A tavola undici contro undici

Io c’ero. E ho visto cose che voi umani nemmeno vi sognate. Due tavoli da undici (Quelli della Nisida vs. Napolisti) che neppure se avessimo voluto studiare uno schema a tavolino ci avremmo pensato a riempire. Iniziata come una simpatica cena tra quasi perfetti sconosciuti e finita con le lacrime agli occhi dalle risate. Dite […]

Io c’ero. E ho visto cose che voi umani nemmeno vi sognate. Due tavoli da undici (Quelli della Nisida vs. Napolisti) che neppure se avessimo voluto studiare uno schema a tavolino ci avremmo pensato a riempire. Iniziata come una simpatica cena tra quasi perfetti sconosciuti e finita con le lacrime agli occhi dalle risate. Dite quello che volete, ma io sono tornata a casa contenta e stamattina questo senso di leggerezza e comunanza universale – che solo la passione calcistica può regalare – non mi aveva ancora abbandonata e non mi abbandona neanche adesso. Persino la direttrice della scuola dei miei figli, oggi, mi è sembrata più simpatica… vabbè, quasi.
Inutile cercare le parole giuste: non ci sono. E’ da ore che penso a quali utilizzare, a cosa scrivere, ma a questo punto è chiaro che il tentativo non sortirà alcun effetto. Perciò si procede per flash, tutto il resto diventa ricordo indelebile. La cosa più divertente è stata vedere, su Facebook, a poche ore dall’evento, tutti che stringevano amicizia con tutti, in un tripudio di entusiasmo e postumi del vino. E chi se lo immaginava che esistessero ventidue cervelli così? Decisamente fulminati, eclettici, pieni di metafore colorite, di immagini, di ricordi calcistici remoti e pazzeschi, di semplice quotidianità, di spunti (quanti!), persino di silenzi rumorosissimi. Perché al di là del fatto che siamo stati tutti bene insieme, al di là del colore che ci accomuna (l’azzurro), al di là della squadra del cuore, è il comune sentire che fa la differenza, l’entusiasmo a cui più volte mi sono appellata e che, continuo a ripetere, è l’unico valore aggiunto che possiamo dare alla nostra esistenza – calcistica e non.

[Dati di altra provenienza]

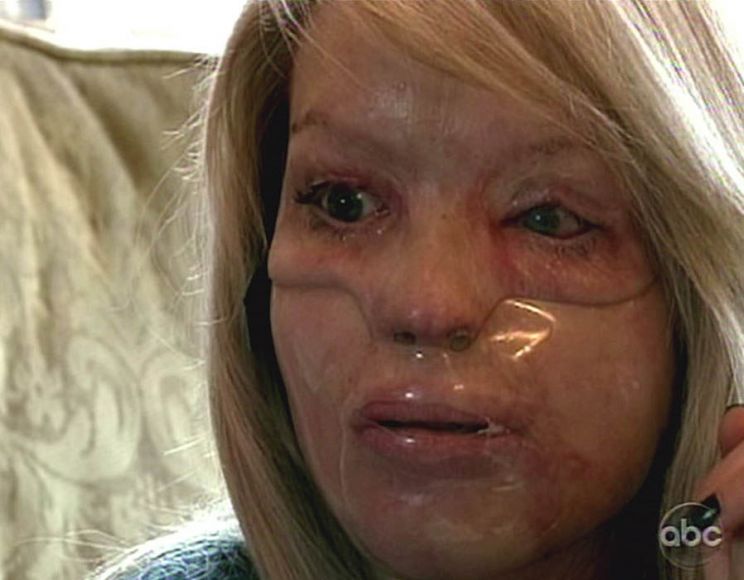 Katie Piper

Il rammarico più grande è stata sicuramente l’assenza del vero organizzatore della serata, il vate Fabbrini. Ci perdoni, Vate, ma il pullman napolista era già stato prenotato, i giocatori convocati erano già in viaggio, tra incastri pazzeschi pur di essere lì, la squadra si era già messa pantaloncini e maglietta e, soprattutto, o’ core int’e’ cazette.. ci saremmo dribblati anche nostra mamma pur di essere lì, ieri sera. Ma la promessa è di organizzare la vera cena napolista, aperta a tutti, assolutamente prima dell’estate. Sarebbe carino organizzarla in concomitanza di una partita, magari dell’Argentina: guardare una partita del Re insieme, per dei napolisti, può essere come mangiare dallo stesso piatto e allora diventeremmo fratelli siamesi, un patrimonio per la vita. Dove non ha importanza, quando neppure, purché si faccia, presto, per me anche ogni settimana.

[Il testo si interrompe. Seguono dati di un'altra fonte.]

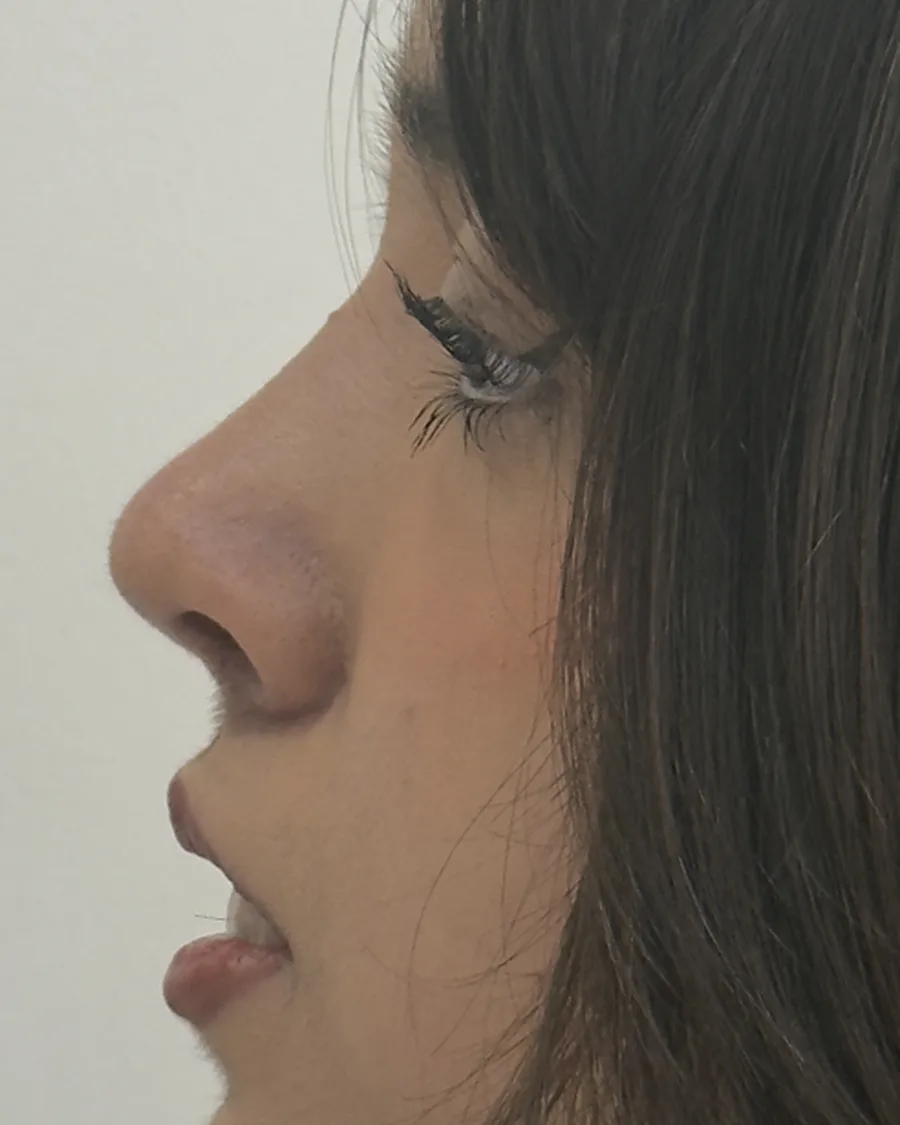 Después de rinoplastia ultrasónica a un mes, vista de perfil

Sì, è impossibile tradurre in parole di senso compiuto tutto ciò che ha fatto della serata di ieri una serata indimenticabile, credo per tutti, persino per le mogli simpatizzanti che si sono rivelate delle compagne di viaggio meravigliose con cui dividere una serata, anche per noi che non le conoscevamo – e se lo dice una donna, credetemi, non può che essere vero (va bene, marito ingrato che non mi porti allo stadio, la prossima volta ti porto con me).

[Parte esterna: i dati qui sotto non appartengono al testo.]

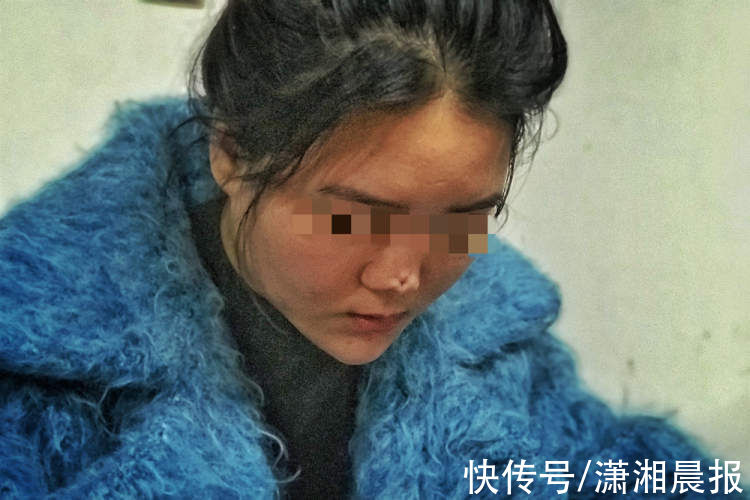 癜痕|女子听信“闺蜜”隆鼻惨遭破相，鼻尖留下深坑专家称修复可能性很小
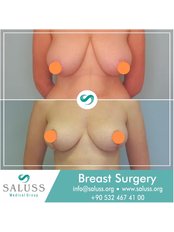 Breast Lift - Saluss Medical Group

Anche la parentesi musicale è stata commovente. A me la versione ucraina di Maruzzella è piaciuta uguale, anche con le parole sbagliate e su Kalinka mi sono venuti i brividi. L’unica nota stonata è stata il tiramisù. Ma mi sono goduta persino quello. Come ha detto il direttore poco fa al telefono: il Napolista è come il porco, non si butta via niente.